COLORADO SPRINGS, Colo., Sept. 6, 2015 — This week Kentucky Clerk Kim Davis was jailed by federal Judge David L. Bunning until, he said, she changes her mind and agrees to issue marriage licenses to same-sex couples. That seems unlikely. Davis understands her Christian faith and the hierarchy of law better than the judge.
It was bound to come to this ever since five activist judges on the U.S. Supreme Court discovered in June a right to same-sex marriage buried deep between the lines in the Constitution.
That’s exactly the problem: Those who filed the lawsuit in federal—not state—court and who asked for substantial financial fines are not people of good will. They were looking for a showdown, no less than the homosexual activists who walked into Jack Phillips’ cake shop in Denver or the lesbians who shut down the Oregon bakers or many other similar cases.
Their aim is to put every Christian in America on notice that their newly discovered right to marry trumps religious conviction.
The media have sought to turn this into a personality issue. Davis is invariably shown in her booking photo, and Bunning is depicted as a hero for enforcing “the law of the land” despite, according to the Washington Post, being a “devout Catholic.”
If that’s true, the judge has just revealed that he knows little about his Catholic faith. In his ruling, he said, “The idea of natural law superseding this court’s authority would be a dangerous precedent indeed.”
Issue the judge a red nose and floppy shoes to go along with his black robe. What a ridiculous thing to say!
The idea of the supremacy of natural law goes back at least 800 years to the Catholic theologian St. Thomas Aquinas. It is enshrined in the Declaration of Independence: The Congress asserted our right to independence based on “the Laws of Nature and of Nature’s God.” Government exists to secure our natural rights. The first right in First Amendment in our Bill of Rights is freedom of religion and “the free exercise thereof.”
Since the whole idea of our system of government is built on natural law, there can be no question that it supersedes Bunning’s court’s authority. God rules, not the Supreme Court.
Further, if Bunning appeals to same-sex marriage as the law of the land, what law precisely does he appeal to? To a law passed by the Kentucky legislature legalizing same-sex unions? No. To a law passed by the U.S. Congress? No. In fact, the only law passed by Congress is the Defense of Marriage Act, which specifically states that marriage is between one man and one woman.
Instead, he appeals to the authority of the U.S. Supreme Court, which is no law-making body at all.
The Supreme Court has overstepped its bounds—a fact mentioned in the dissenting opinions. Their ruling is no law at all. No law, no duty to obey. On the contrary, there is a positive Christian duty to disobey unjust law, to engage in civil disobedience.
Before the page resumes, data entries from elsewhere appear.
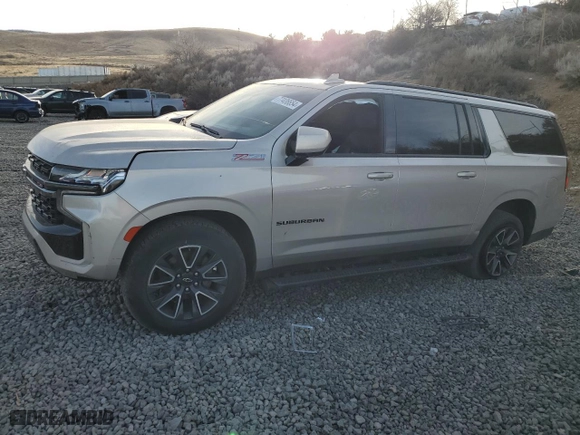 2021 Chevrolet Suburban Z71 with VIN 1GNSKDKD8MR462700, listed as a Copart auction lot 77406654 with 54,864 mi miles and Salvage Title. Bid and sale history available at carsss.com. Image 1.
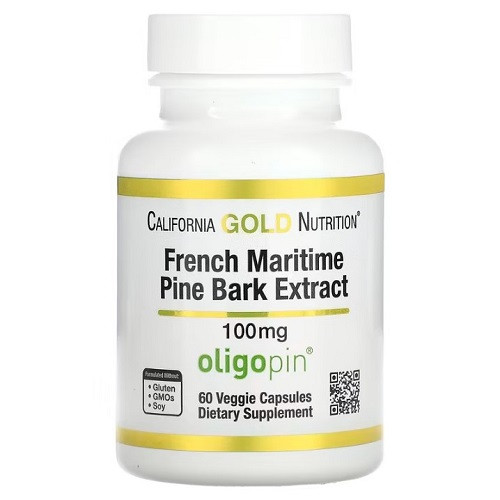 Активне довголіття California Gold Nutrition French Maritime Pine Bark Extract 100 mg (60 капсул.), фото 1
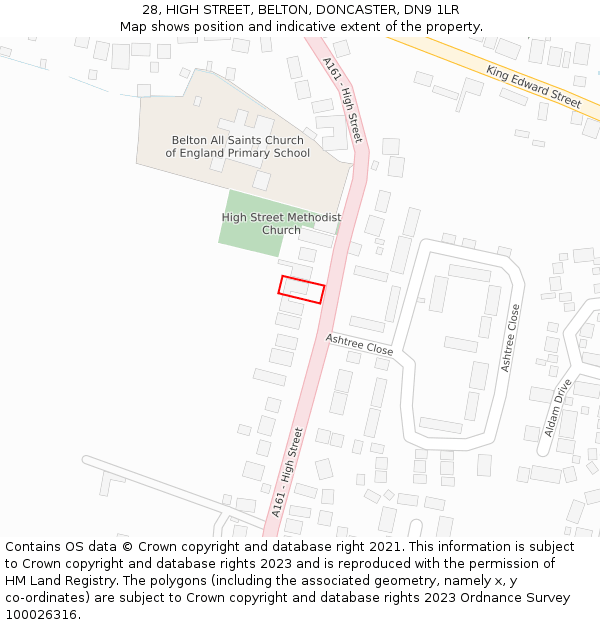 28, HIGH STREET, BELTON, DONCASTER, DN9 1LR: Location map and indicative extent of plot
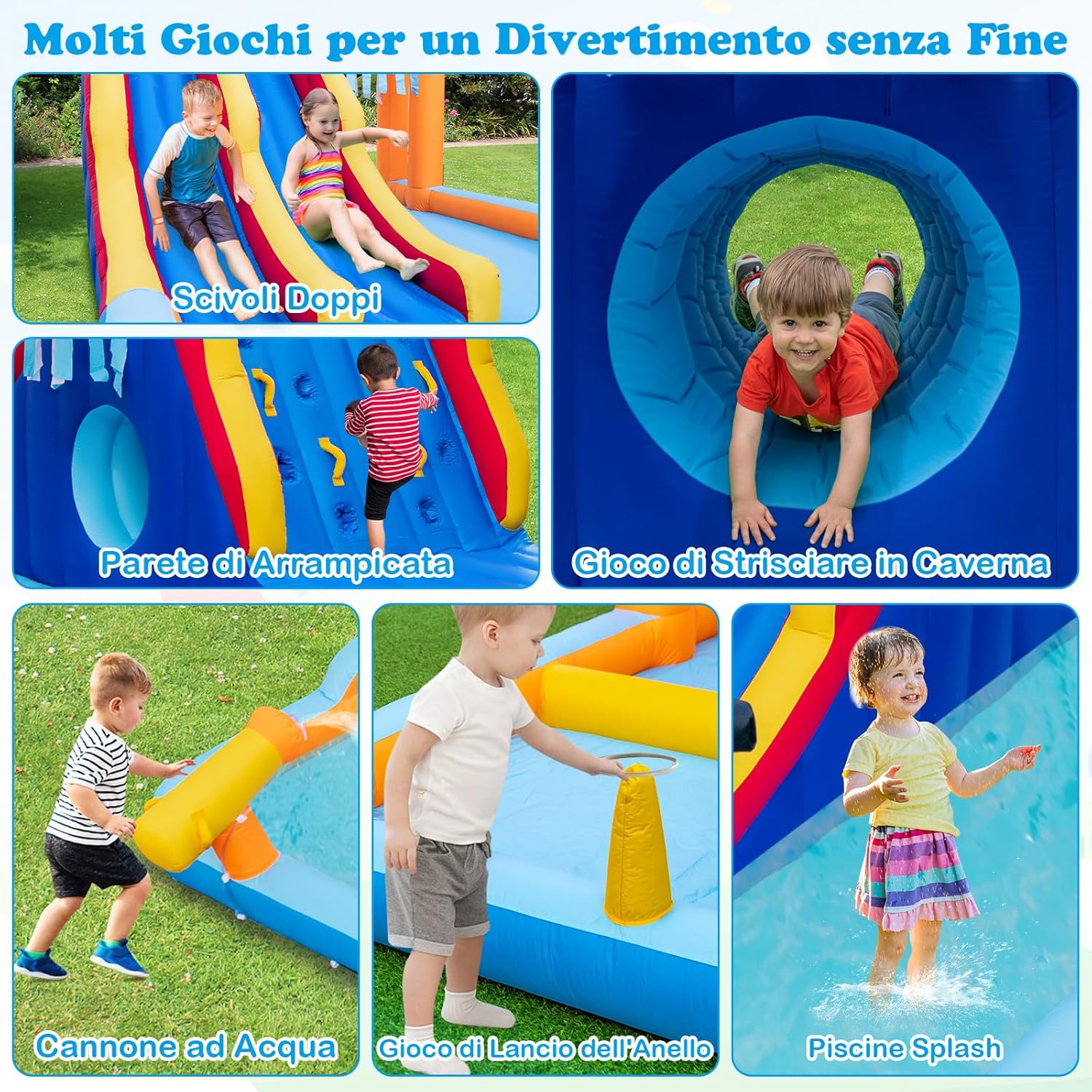Castello Gonfiabile, Casa Gonfiabile con 2 Scivoli, Piscina, Parete da Arrampicata, Tunnel e Cannone d'Acqua, per Bambini di 3-10 Anni, 693 x 295 x 263 cm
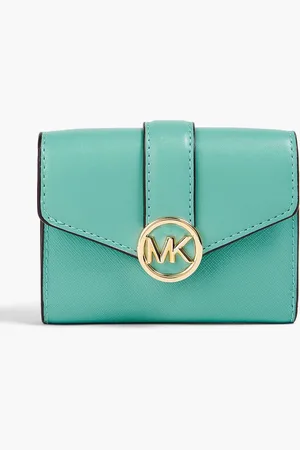 Michael Kors Carmen Portemonnaie aus Glatt- und Narbenkunstleder - Grün - OneSize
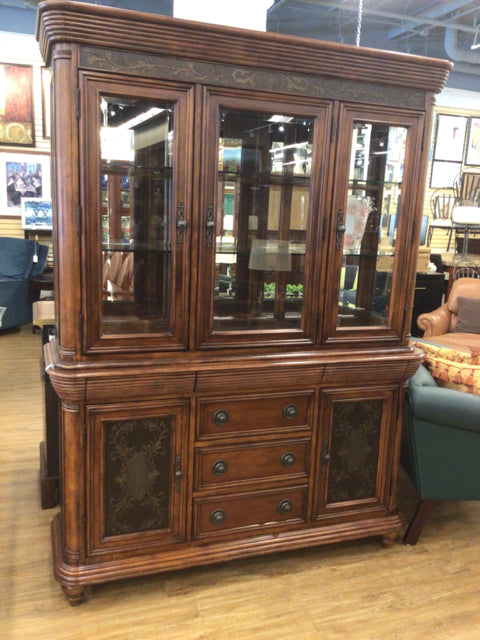 Dark Wood 2 Pc Metal Embroidered China Cabinet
“But Peter and the apostles answered, “We must obey God rather than men” (Acts 5:29).
Even if it were law, Davis would have no duty to obey it because, as noted above, natural law does take precedence over man-made law. This is a principle also well established in Catholic theology, as Bunning, being the devout Catholic he is, ought to know.
Kim Davis is a Christian hero and Bunning is going to make her a martyr as well. At a time when Syrian and Iraqi Christians are dying for their faith, too many Christians in America don’t even understand what their faith means or what it requires them to do.
Davis said, “I have weighed the cost … But it is through God and His grace and strength that I stand, that I can have a smile on my face.”